TAIPEI (Taiwan News) — With hopes rising that Taiwan may end the Level 3 COVID alert next week, New Taipei City is urging caution, reports said Wednesday (July 21).

The Central Epidemic Command Center (CECC) raised the alert to Level 3 in mid-May after new domestic infections rose to more than 100 a day. After peaking at more than 500, a gradual decline to fewer than 20 a day has given rise to optimism that the current extension of the alert until July 26 might be the last.

However, New Taipei City Mayor Hou Yu-ih (侯友宜) on Wednesday recommended a phased approach to the easing of COVID restrictions, CNA reported. He based his concern on the fact that it took only four days for the number of daily local infections in the city to balloon from just a few to over a hundred in May, while it took four weeks to see a decline back to single digits.

While Hou said he would respect the CECC’s decision, which is expected within two days, he added that his government had been discussing alternative proposals for a gradual shift from Level 3 to 2. Though he did not reveal details, the mayor said the easing of the restrictions would come in stages, befitting the local situation in New Taipei City.

When the CECC first announced its decision to allow indoor dining at restaurants to resume from July 13, Hou was one of the first to reject the move.
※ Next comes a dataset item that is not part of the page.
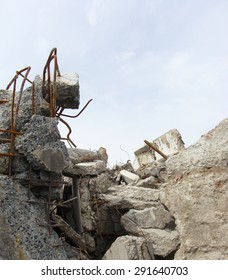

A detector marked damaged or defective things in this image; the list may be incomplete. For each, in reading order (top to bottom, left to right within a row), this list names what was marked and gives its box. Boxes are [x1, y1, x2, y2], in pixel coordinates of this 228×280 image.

broken concrete slab [33, 72, 80, 109]
broken concrete slab [134, 129, 184, 168]
broken concrete slab [102, 236, 154, 260]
Eventually, all but one region, Penghu County, followed suit in maintaining the ban.

The current Level 3 alert bans gatherings of more than four people indoors and nine people outdoors, and mask-wearing is compulsory outside of the home.
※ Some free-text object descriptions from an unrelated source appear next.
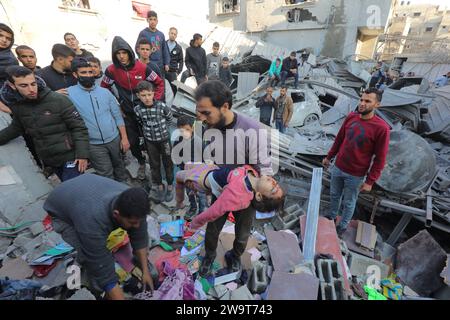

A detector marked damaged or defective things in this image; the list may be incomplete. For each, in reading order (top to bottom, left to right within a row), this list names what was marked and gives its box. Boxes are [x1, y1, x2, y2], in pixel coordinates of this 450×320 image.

damaged wall [207, 0, 390, 58]
destroyed vehicle [232, 87, 324, 129]
broken concrete slab [0, 256, 33, 278]
broken concrete slab [230, 284, 255, 300]
broken concrete slab [266, 230, 304, 272]
broken concrete slab [268, 270, 320, 300]
broken concrete slab [350, 254, 388, 282]
broken concrete slab [398, 230, 446, 296]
Despite Hou’s caution, New Taipei City nevertheless announced that from July 22, it would accept online reservations to visit five museums and one park that had been closed due to the COVID outbreak. The list included a ceramics museum in Yingge, a gold museum in Ruifang, a tea museum in Pinglin, museums in Bali and Danshui, and the Lin Family gardens in Banqiao, CNA reported.